After hosting a preview of the exhibit—which is housed in a gutted, bare-bones River North space that used to host Latin American restaurant Naçional 27—last week, the organizers of the Neon and Light Museum had an abrupt change of heart about ticket pricing. As of yesterday, guests will now be able to purchase tickets to view the nearly 60 works on display for a slightly more reasonable $25 fee (those who purchased the more expensive tickets will receive free VIP upgrades or an additional ticket). The price still seems a bit high considering the size of the exhibit, but the pop-up shows that have proliferated throughout Chicago over the past few months have proved that folks are willing to pay as much as $50 to explore relatively compact exhibits, like a collection of Bansky prints or high-tech projections of Van Gogh works.
The thing that separates the Neon and Light Museum from those aforementioned pop-ups is that, save for a single work that's attributed to John Lennon (of a little band called the Beatles), this exhibit doesn't contain work by artists with the household name recognition of Banksy or Van Gogh. Sure, some fans of conceptual artist Bruce Nauman or multimedia artist Monika Wulfers may show up to see specific works on display, but the majority of Neon and Light Museum attendees are likely coming to admire the spectacle of electrified gas and snap some cool photos along the way.
With a series of hanging neon rods making up a work by Wulfers dominating the middle of the space, the Neon and Light Museum spreads the various works on display along the walls (and columns) of a single room, making it easy for Instagrammers to make their rounds. The lights are a bit dim to accentuate the colorful glow of the various pieces, but not so low that you'll come away with blown-out photos of the installation—in fact, the lighting appeared to be optimized for aesthetically-pleasing photos.
Walking laps around the space, a few of the works jumped out at me, including a sculpture by Gary Justic called "Big Onion" that shines light through panes of glass to create colorful projections and shadows and a projection by artists Annica Cuppetelli and Cristobal Mendoza that reacts as guests walk by a camera mounted in front of it. I also enjoyed the glow of Jacob Fishman's symbolic mash-up "Rear View Mirror," the hanging "Night Birds" sculptures by Michael Young and a neon figure reclining on a bed of nails called "Bored of Frustration" by John E. Bannon.

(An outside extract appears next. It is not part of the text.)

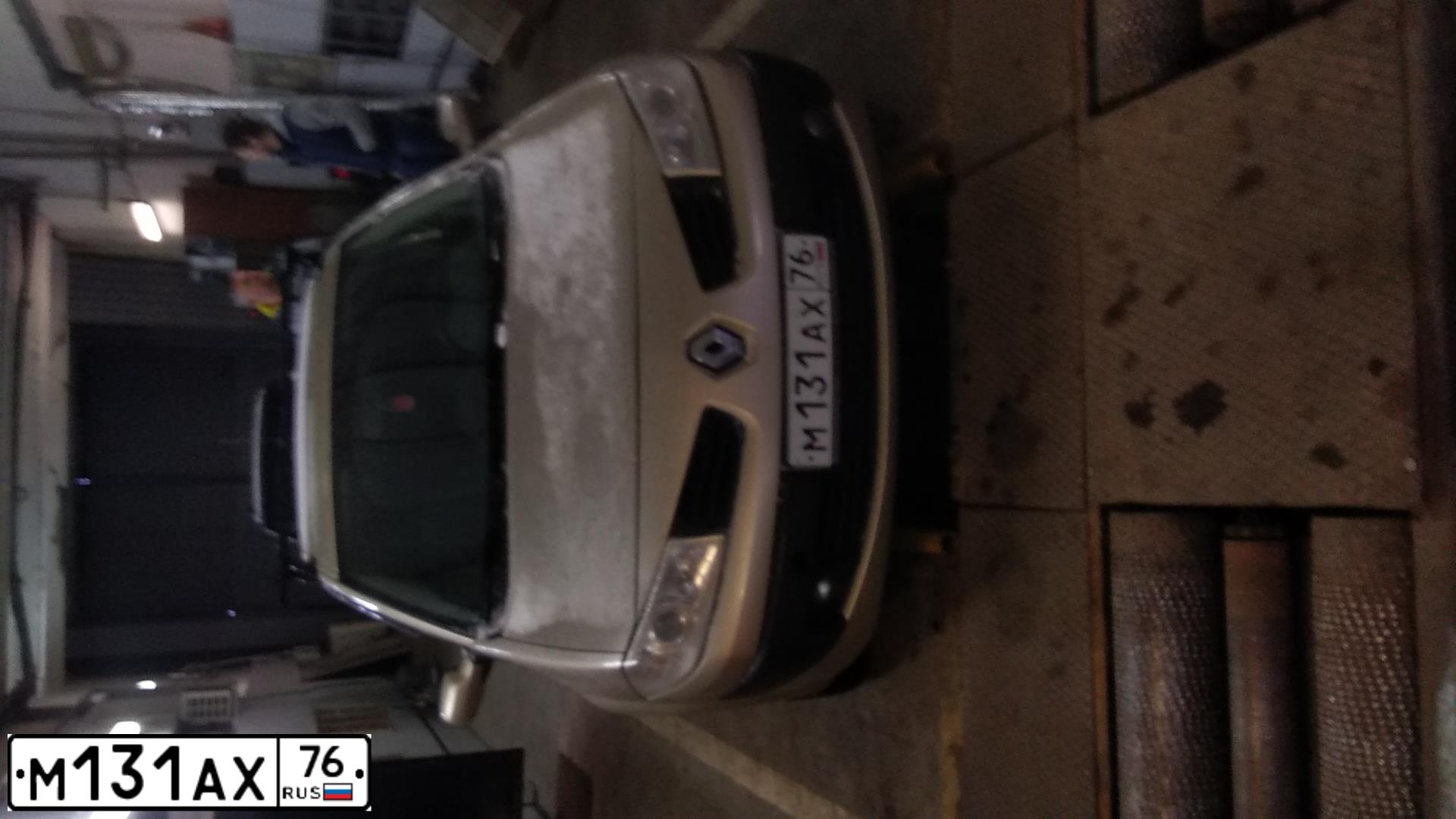 Фото автомобиля RENAULT MEGANE, 2006 — госномер М131АХ76. Цвет: БЕЖЕВЫЙ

I admit that when I heard the pop-up being referred to as a "museum" earlier this year, I expected a much larger collection of works presented in the style of an exhibit that you might find at the Art Institute or the MCA, with pieces grouped together according to shared themes or by artist. The Neon and Light Museum looks more like a group show at a gallery, presented without much context and hung in a barren space that allows the art to be the undisputed centerpiece. I can't fault it for merely not living up to my expectations, though I can't imagine I'll be the only person who finds the "museum" descriptor to be a misnomer.
The Neon and Light Museum is clearly an exhibit that's constructed for easy Instagramming, though it does house some interesting works that you'd be hard-pressed to find on display elsewhere in the city. It's a pop-up experience that I expect a lot of people will gladly pay $25 to see, but it's also a show that may leave some attendees feeling cheated. It might be best described by a neon sign by Jacob Fishman that adorns the back wall of the gallery: "It is what it is."